しかしフクロウから聞こえてくるリュットの声は、厳しさを保ったままだった。
『良くはないぞ。ワシはこの数千年、あの火山が大爆発するのを抑えてきたのじゃ、ホーホー』
「けれど、火山は過去に何度も爆発したと聞いたが?」
『島が壊れるほどのことはなかったであろう? 全部ワシのおかげじゃ、ホーホー』
精霊の自画自賛は捨て置くとして、リュットが示唆している意味をヴォルフはすぐ受け取った。
「近々、大噴火すると言いたいのか?」
『その可能性はある、ホーホー』
「そりゃ大変だ。早く姉貴に知らせて、島民を避難させなきゃ」
『可能性だと言っておろう。絶対にそうなるとは言っておらん、ホーホー』
「つまりどういう意味だ?」
『山の火口に、変なモノが住み着きおった。魔物じゃ。そやつが刺激しているせいで、山が活発になっておる。ホーホー』
「っていうか、いちいち鳴くのは止められないのか!?」
フクロウになったからと言って、その気になっているとしか思えない。精霊とはいえ酷く人間臭いから、リュットならやりかねなかった。
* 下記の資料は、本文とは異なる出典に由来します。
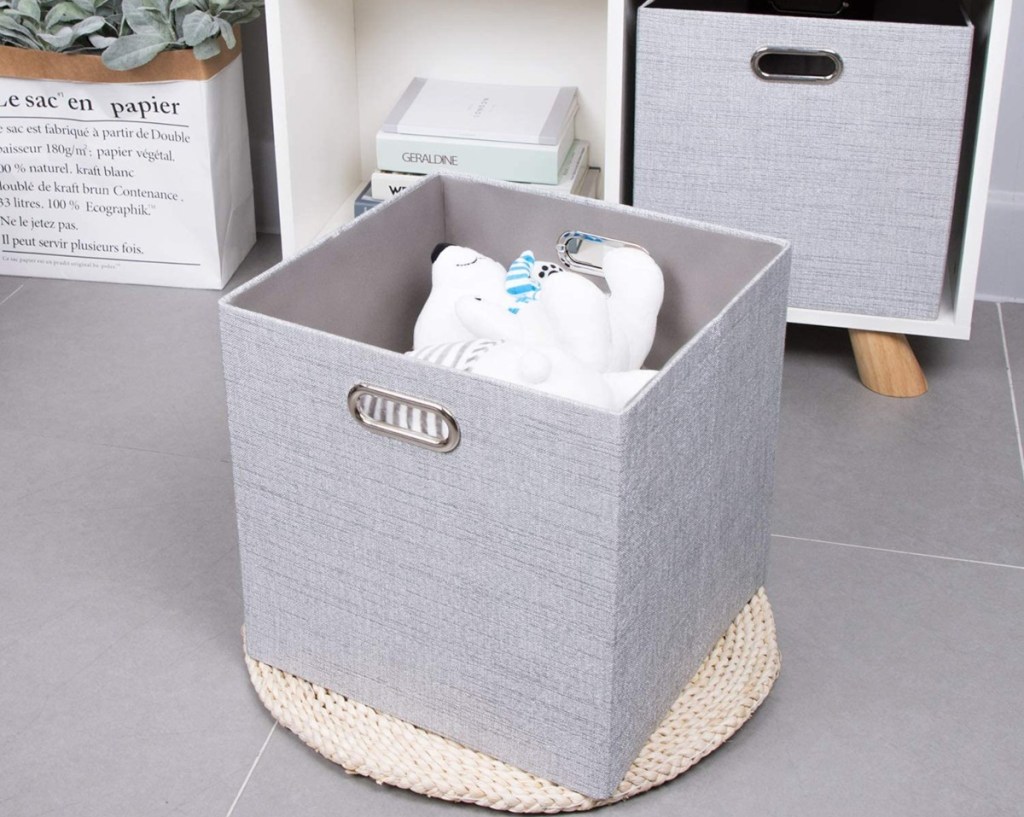 foldable gray storage bin with a teddy bear inside 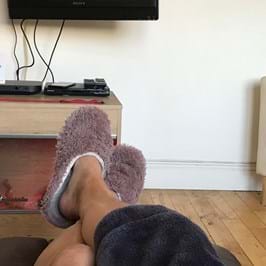 The photographer's legs, resting on a low table, wearing fluffy slippers, in front of a television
『鳴いてしまうのはワシではなく、この鳥がそうしているのじゃ、ホーホー』
「本当かよ」
『それはともかく、ワシが天の助けと言ったのは、おぬしならあれを倒せるからじゃ、ホーホー』
闇に光るフクロウの瞳は、真っ直ぐにヴォルフを見ていた。
「俺が!? 無茶を言うな。生身の人間は、火口に行くのだって決死の覚悟だ」
『おぬしの中におるであろう、火の魔獣が。ホーホー』
「ああ……」
なるほどと納得はした。しかしそれでも、戦えるとはこれっぽっちも思わない。
「残念だが俺の意志ではどうにもならない。フェンリルに変化するから、奴に頼んでくれ」
『なんと、まだ同化しておらんのか!? ホーホー』
「精霊がフクロウを乗っ取るのとはわけが違う。って、その前に鳥を黙らせろ、ウザい」
『しかたがないのぉ、ちょっと眠ってもらうとするか』
やればできるじゃないかと、ヴォルフは小さく舌打ちをした。やっぱりわざと鳴いていたに違いない。
「で、どうする? 今すぐ変化するか?」
『ゲオニクス……つまりフェンリルは、あの者を守ることしか考えておらぬ。ワシが頼んだところで、なにかしてくれるとも思えぬな』
「だったらさ、侯爵から頼んでもらえば?」
「それはダメだ。そんなこと言ったら、あいつ、絶対に島に来るっていい出すに違いない。けど、今はユーリィにはそんな余裕がないんだ」
「あっ、そうか……」
困ったという様子で、ブルーは短い黒髪を片手で掻きむしった。
『要するに、おぬしが狼魔と同化すれば良いのであろう?』
「その方法を聞きにここに来たんだ。俺は早急に同化したい」
『やれぬことはないが、少々危険を伴うぞ?』
「危険? まさか人間に戻れないということか?」
ゴクリと唾を飲む。
覚悟はできているとはいえ、その結果はユーリィを悲しませてしまう。自分から“抱け”などと言うなど彼にしてみれば相当な覚悟が必要なはずだから、それほど不安に思っているのだろう。
『二度とということではない。が……』
「が?」
『本来ならゆっくりと混じるのが一番良いのじゃ。そうすれば、どちらがどちらの魂か分からなくなるじゃろう。しかし今すぐ混じり合いたいというなら、強引なことをせねばならぬのぉ』
「つまり、できるんだな?」
『少々大変じゃが、良いか?』
「ああ、かまわない」
本当のことを言えば、リュットがなにを言い出すのか戦々恐々とした気持ちである。けれど、つまらぬ見栄でも今は張りたくて、ヴォルフは右目だけをわずかに細めた。